Borussia Dortmund ma szczególne miejsce w sercu Marco Reusa. Trafił do tego klubu jako sześciolatek. Przez 10 lat uczył się w nim piłkarskiego rzemiosła. Później grał w Rot Weiss Ahlen i Borussii Moenchengladbach, by w 2012 r. powrócić do ukochanej Borussii.
Reus przez osiem sezonów występował z wieloma znakomitymi piłkarzami. Niektórych z nich wybrał do swojej "jedenastki marzeń" (niem. Traum-Elf) Borussii. Skład uzupełnił zawodnikami, którzy byli jego idolami w dzieciństwie.
Jak komentują niemieckie media, największe niespodzianki to brak w zestawieniu Matsa Hummelsa oraz Roberta Lewandowskiego. W obronie Reus postawił na Matthiasa Sammera i Julio Cesara.
ZOBACZ WIDEO: #dziejesiewsporcie: lata lecą, a Tomasz Kuszczak wciąż imponuje formą. Potrafiłbyś tak zrobić?
Natomiast wybierając napastnika, pomocnik BVB miał rozterkę, ale... nie dotyczyła ona Lewandowskiego.

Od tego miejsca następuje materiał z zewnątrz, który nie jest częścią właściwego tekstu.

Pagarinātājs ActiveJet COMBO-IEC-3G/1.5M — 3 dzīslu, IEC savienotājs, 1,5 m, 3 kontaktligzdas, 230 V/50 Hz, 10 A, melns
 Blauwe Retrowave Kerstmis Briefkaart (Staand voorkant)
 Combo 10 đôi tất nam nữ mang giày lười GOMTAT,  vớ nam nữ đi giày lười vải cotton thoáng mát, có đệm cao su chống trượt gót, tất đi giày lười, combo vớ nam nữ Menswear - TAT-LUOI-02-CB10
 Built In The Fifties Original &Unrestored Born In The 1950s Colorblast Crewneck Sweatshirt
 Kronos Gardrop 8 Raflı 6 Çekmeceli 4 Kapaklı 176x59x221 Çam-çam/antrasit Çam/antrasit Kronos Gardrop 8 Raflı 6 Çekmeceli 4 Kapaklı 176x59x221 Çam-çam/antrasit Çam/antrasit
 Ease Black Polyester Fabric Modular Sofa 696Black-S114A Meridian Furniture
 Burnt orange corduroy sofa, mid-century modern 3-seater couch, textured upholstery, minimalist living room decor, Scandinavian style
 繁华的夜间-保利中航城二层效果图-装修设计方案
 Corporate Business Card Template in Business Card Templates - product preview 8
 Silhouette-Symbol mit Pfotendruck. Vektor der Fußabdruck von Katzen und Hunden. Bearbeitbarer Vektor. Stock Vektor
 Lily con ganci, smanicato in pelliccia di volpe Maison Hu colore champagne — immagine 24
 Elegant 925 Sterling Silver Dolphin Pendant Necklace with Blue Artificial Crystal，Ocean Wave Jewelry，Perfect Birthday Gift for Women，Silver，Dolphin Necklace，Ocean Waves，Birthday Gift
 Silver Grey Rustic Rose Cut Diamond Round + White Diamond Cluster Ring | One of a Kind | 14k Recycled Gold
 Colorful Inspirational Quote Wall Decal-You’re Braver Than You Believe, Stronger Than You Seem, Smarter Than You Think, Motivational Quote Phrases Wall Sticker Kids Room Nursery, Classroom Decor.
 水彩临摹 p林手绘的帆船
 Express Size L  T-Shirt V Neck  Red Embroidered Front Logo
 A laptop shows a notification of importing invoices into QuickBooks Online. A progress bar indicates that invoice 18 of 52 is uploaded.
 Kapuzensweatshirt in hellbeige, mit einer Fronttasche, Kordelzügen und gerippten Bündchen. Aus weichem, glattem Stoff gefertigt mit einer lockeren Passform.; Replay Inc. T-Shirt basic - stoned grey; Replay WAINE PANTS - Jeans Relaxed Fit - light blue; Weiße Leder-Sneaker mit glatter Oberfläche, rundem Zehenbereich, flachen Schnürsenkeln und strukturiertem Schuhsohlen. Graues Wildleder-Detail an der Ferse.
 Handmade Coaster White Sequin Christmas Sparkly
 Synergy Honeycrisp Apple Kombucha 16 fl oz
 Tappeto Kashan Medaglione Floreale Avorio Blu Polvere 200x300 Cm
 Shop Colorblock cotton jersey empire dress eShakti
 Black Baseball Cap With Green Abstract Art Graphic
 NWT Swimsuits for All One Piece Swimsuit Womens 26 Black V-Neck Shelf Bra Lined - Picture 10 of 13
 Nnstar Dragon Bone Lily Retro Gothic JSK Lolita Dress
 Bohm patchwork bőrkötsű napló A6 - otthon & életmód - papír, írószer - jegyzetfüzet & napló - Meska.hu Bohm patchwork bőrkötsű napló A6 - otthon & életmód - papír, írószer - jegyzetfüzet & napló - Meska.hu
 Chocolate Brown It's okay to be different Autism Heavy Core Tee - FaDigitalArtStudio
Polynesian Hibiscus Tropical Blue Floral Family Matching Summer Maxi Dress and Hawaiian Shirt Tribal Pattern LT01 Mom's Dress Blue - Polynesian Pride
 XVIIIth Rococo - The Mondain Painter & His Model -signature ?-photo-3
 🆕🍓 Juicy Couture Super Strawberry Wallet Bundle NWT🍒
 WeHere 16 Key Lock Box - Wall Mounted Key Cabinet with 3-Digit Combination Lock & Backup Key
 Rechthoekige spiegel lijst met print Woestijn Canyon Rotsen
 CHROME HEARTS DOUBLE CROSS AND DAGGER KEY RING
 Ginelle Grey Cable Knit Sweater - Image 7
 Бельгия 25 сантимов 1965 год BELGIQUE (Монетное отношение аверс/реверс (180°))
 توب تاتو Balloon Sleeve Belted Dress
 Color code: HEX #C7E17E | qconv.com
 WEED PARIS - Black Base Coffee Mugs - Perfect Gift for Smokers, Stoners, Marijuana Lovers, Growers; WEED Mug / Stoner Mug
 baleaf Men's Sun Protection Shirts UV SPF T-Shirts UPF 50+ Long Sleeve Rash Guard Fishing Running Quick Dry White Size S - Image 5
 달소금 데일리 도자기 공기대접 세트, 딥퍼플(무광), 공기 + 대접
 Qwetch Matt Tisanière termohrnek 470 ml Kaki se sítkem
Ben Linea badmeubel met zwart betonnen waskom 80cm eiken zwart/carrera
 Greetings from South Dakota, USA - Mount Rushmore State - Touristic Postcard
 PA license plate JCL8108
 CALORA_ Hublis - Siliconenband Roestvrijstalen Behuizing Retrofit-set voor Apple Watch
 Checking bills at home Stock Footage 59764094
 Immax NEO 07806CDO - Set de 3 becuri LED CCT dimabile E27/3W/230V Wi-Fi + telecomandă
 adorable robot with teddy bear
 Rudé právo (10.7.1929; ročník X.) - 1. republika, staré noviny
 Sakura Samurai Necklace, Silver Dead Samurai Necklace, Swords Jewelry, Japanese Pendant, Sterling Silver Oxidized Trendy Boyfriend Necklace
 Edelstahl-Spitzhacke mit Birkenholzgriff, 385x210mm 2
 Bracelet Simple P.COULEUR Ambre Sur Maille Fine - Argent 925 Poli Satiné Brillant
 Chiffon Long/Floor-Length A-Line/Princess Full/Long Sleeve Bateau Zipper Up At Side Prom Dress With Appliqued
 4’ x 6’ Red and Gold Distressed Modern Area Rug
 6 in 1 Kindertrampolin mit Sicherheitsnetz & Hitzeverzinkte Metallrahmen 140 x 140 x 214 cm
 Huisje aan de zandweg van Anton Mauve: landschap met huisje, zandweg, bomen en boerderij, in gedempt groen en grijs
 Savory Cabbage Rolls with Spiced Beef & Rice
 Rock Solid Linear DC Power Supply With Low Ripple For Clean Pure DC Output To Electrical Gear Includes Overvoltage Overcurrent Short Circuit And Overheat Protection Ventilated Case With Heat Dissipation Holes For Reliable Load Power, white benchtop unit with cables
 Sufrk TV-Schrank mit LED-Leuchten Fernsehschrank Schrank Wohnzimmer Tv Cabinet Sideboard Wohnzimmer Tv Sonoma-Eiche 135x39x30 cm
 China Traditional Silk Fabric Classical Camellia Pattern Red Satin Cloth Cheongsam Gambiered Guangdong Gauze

Wahał się między Karlem-Heinzem Riedle i Stephanem Chapuisatem, wskazując ostatecznie na tego drugiego. Szwajcar grał w BVB w latach 1991-99, przyczynił się do zdobycia dwóch tytułów mistrza Niemiec i zwycięstwa w Lidze Mistrzów (1997).
30-latek wyróżnił dwóch Polaków. Na prawej stronie defensywy umieścił Łukasza Piszczka, który przebija go pod względem stażu (gra w Dortmundzie od 2010 r.). - Nazywam go po prostu maszyną - powiedział Reus o Piszczku.
Drugim Polakiem w jedenastce Reusa jest Jakub Błaszczykowski (piłkarz Borussii w latach 2007-2016), który stworzył z Piszczkiem "polski duet" na prawej stronie.
Reus przypomniał czasy, gdy występował w Moenchengladbach i przyszło mu walczyć na jednej stronie z Polakami. "Najbardziej niewygodny duet" - tak nazwał Piszczka i Błaszczykowskiego.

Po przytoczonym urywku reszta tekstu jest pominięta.